**Problem**
After locating the line that contains "4 Pack Aluminum" in the data below, set down exactly that line and each one after it through the line that contains "athens engagement photographer", and nothing more.

**Source information**
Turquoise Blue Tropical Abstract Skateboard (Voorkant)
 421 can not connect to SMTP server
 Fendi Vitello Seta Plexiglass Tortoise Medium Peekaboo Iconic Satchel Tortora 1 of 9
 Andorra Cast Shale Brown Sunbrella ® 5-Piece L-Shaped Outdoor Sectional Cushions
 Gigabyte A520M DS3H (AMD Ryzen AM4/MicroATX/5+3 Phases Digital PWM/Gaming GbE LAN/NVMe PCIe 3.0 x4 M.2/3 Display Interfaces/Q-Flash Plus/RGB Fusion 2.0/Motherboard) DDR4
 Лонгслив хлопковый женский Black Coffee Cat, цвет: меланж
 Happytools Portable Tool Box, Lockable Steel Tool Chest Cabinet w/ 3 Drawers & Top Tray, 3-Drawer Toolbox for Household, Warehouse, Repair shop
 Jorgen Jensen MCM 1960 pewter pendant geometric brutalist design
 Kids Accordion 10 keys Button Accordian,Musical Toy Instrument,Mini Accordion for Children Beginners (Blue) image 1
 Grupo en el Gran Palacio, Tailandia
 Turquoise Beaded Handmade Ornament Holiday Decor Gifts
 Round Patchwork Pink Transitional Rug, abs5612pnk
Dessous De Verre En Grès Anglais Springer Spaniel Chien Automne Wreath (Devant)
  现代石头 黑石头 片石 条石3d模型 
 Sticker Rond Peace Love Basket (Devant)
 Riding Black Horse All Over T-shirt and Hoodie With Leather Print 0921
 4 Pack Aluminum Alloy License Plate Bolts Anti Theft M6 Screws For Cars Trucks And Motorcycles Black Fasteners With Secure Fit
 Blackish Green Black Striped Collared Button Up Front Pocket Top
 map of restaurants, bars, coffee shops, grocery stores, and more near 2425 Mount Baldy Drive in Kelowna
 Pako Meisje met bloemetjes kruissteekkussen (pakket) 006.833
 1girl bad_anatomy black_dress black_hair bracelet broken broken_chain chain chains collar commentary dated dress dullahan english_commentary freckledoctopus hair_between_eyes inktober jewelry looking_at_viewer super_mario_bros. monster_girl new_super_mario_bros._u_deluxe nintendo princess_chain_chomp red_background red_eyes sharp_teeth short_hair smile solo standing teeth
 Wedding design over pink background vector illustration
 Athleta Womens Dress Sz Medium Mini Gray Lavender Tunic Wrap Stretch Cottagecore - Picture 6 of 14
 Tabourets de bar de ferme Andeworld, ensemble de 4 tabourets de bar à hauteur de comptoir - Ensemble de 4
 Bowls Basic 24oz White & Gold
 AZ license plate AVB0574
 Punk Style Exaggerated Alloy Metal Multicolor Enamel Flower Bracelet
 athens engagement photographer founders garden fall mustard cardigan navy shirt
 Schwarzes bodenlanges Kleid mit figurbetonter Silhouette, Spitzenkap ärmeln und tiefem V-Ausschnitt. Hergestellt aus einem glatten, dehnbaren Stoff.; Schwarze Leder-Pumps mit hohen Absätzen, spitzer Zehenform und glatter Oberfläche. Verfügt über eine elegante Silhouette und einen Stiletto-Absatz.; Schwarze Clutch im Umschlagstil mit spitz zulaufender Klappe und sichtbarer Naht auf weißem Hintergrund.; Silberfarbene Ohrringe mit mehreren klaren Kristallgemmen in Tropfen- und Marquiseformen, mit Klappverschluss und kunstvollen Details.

**Answer box**
 4 Pack Aluminum Alloy License Plate Bolts Anti Theft M6 Screws For Cars Trucks And Motorcycles Black Fasteners With Secure Fit
 Blackish Green Black Striped Collared Button Up Front Pocket Top
 map of restaurants, bars, coffee shops, grocery stores, and more near 2425 Mount Baldy Drive in Kelowna
 Pako Meisje met bloemetjes kruissteekkussen (pakket) 006.833
 1girl bad_anatomy black_dress black_hair bracelet broken broken_chain chain chains collar commentary dated dress dullahan english_commentary freckledoctopus hair_between_eyes inktober jewelry looking_at_viewer super_mario_bros. monster_girl new_super_mario_bros._u_deluxe nintendo princess_chain_chomp red_background red_eyes sharp_teeth short_hair smile solo standing teeth
 Wedding design over pink background vector illustration
 Athleta Womens Dress Sz Medium Mini Gray Lavender Tunic Wrap Stretch Cottagecore - Picture 6 of 14
 Tabourets de bar de ferme Andeworld, ensemble de 4 tabourets de bar à hauteur de comptoir - Ensemble de 4
 Bowls Basic 24oz White & Gold
 AZ license plate AVB0574
 Punk Style Exaggerated Alloy Metal Multicolor Enamel Flower Bracelet
 athens engagement photographer founders garden fall mustard cardigan navy shirt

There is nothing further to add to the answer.